ARTICLE XII NONPROFIT OPERATION

Section 1. Interest or Dividends on Capital Prohibited. The Cooperative shall at all times be operated on a Cooperative nonprofit basis for the mutual benefit of its patrons. No interest or dividends shall be paid or payable by the Cooperative on any capital furnished by its patrons.

Section 2. Patronage Capital In Connection With Furnishing Electric Power and Energy.

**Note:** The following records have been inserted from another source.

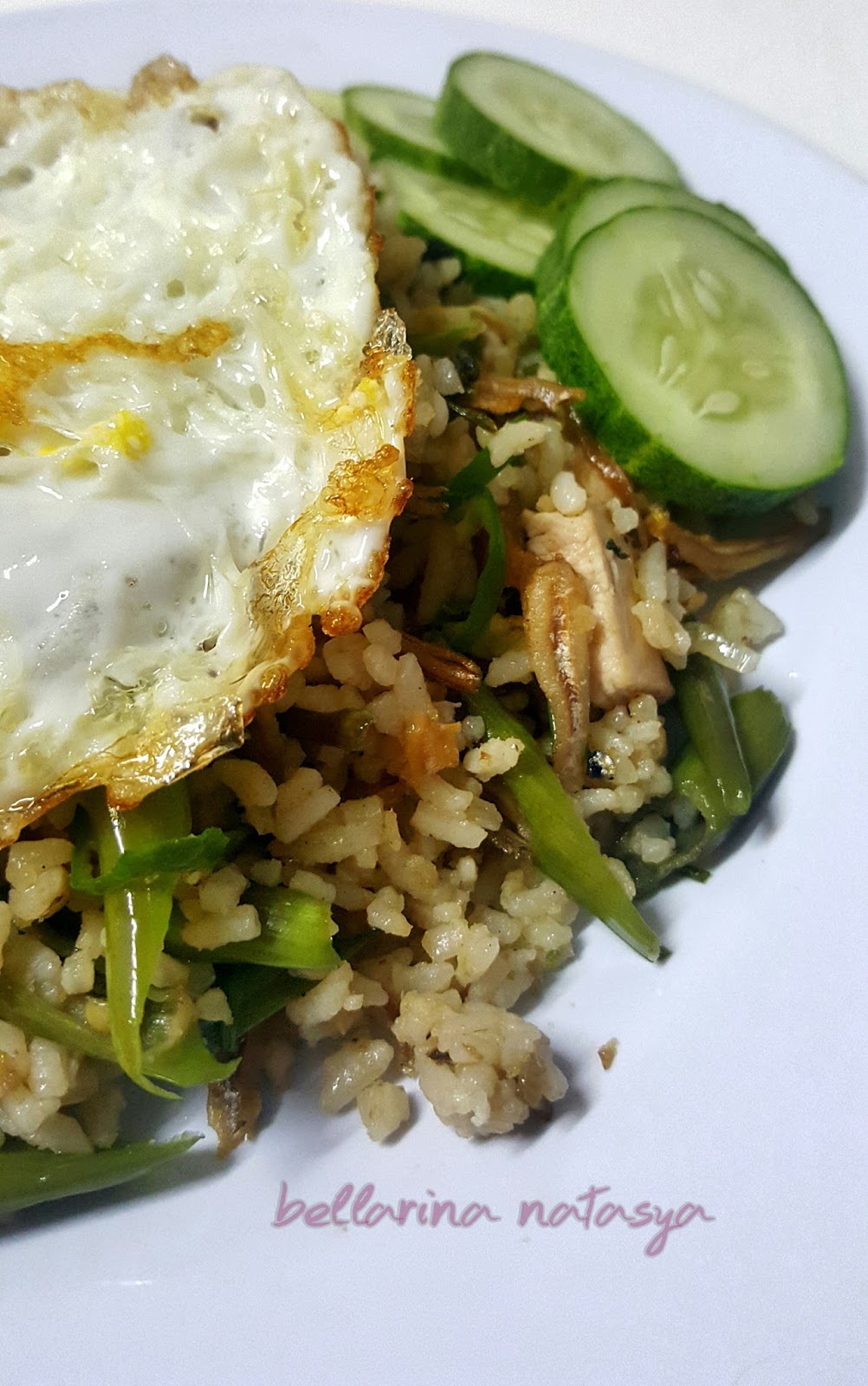 Resepi Nasi Goreng Kampung Bellarina (Chillie Fried Rice 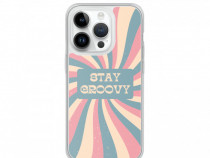 Husa telefon Stay Groovy Clear Iphone 14 pro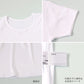 キッズ スリップ 半袖 子供 ペチコート インナー ワンピース 3分袖 110cm～160cm 女の子 120 130 140 150 女児 ジュニア 綿 下着 透け防止 アンダーウェア ドレス 着物 夏 シャツ ワンピース下 (在庫限り)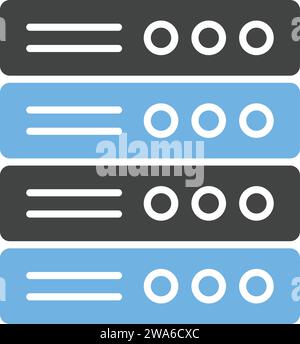 Server icon vector image. Stock Vector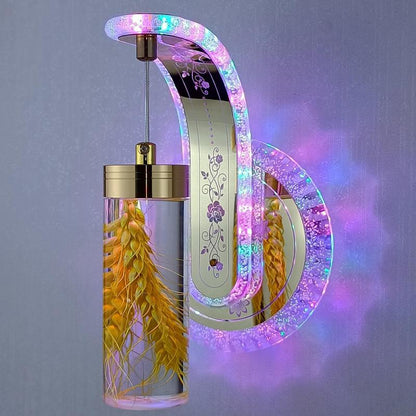 Elegant Glass Floral Dimmable Wall Lamp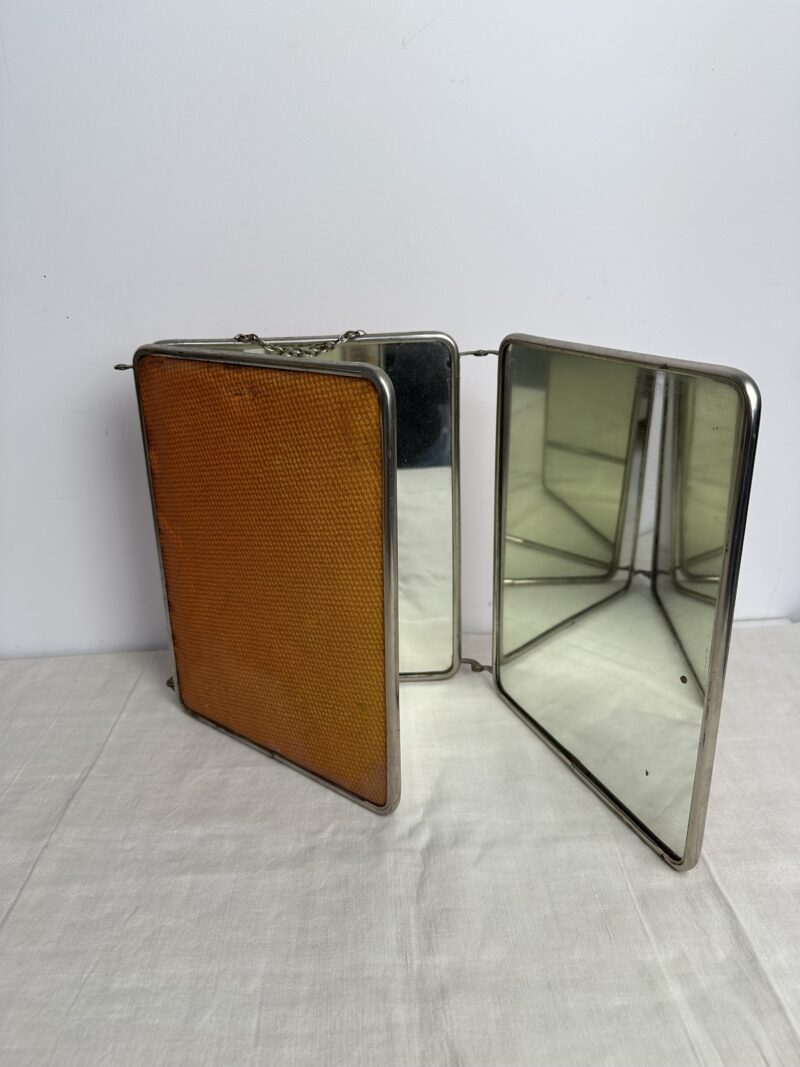 Miroir ancien triptyque vintage
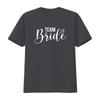 Team Bride T Shirt Squad to be Bachelorette Party for women oversized tee plus size Hen do vintage Washed Breathable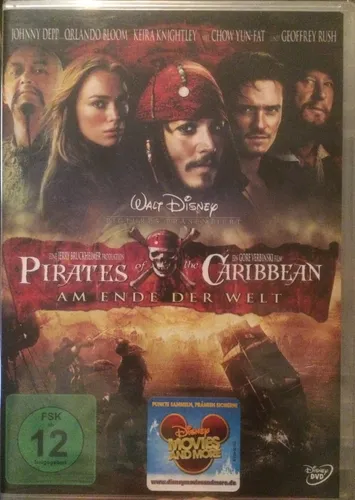 Pirates of the Caribbean 3: Am Ende der Welt - Jerry Bruckheimer DVD NEU - Abenteuer- und Actionfilm aus dem Disney-Franchise, mit Stars wie Johnny Depp und Geoffrey Rush. Erlebe die epische Reise in High-Definition auf DVD!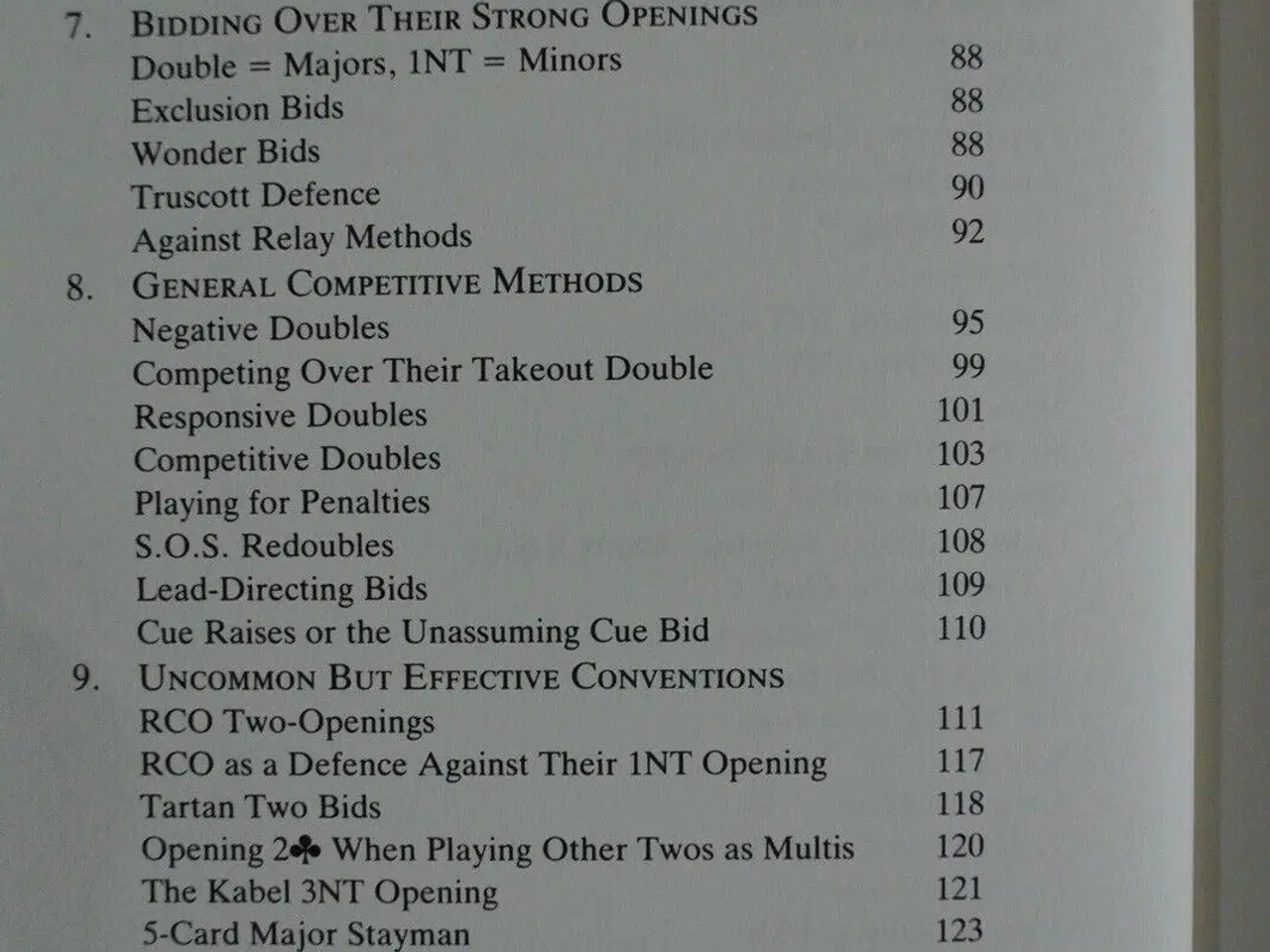 Billede 3 - bridge conventions, defences and countermeasures,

(a) In the furnishing of electric power and energy the Cooperative’s operations shall be so conducted that all patrons will through their patronage furnish capital for the Cooperative. In order to induce patronage and to assure that the Cooperative will operate on a nonprofit basis the Cooperative is obligated to account on a patronage basis to all its patrons for all amounts received and receivable from the furnishing of electric power and energy in excess of operating costs and expenses properly chargeable against the furnishing of electric power and energy. All such amounts in excess of operating costs and expenses and reasonable reserves for depreciation, doubtful accounts, operating reserves, and capital investments at the moment of receipt by the Cooperative are received with the understanding that they are furnished by the patrons as capital. The Cooperative is obligated to allocate by credits to a capital account for each patron all such amounts in excess of operating costs and expenses. The books and records of the Cooperative shall be set up and kept in such a manner that at the end of each fiscal year the amount of capital, if any, so furnished by each patron is clearly reflected and credited in an appropriate record to the capital account of each patron, and the Cooperative shall within a reasonable time after the close of the fiscal year notify each patron of the amount of capital so credited to the patron’s account; provided, however, that individual notices of such amounts furnished by each patron shall not be required if the Cooperative notifies all patrons of the aggregate amount of such excess and provides a clear explanation of how each patron may compute and determine the specific amount of capital so credited to that patron. All such amounts credited to the capital account of any patron shall have the same status as though they had been paid to the patron in cash in pursuance of a legal obligation to do so and the patron had then furnished the Cooperative corresponding amounts of capital.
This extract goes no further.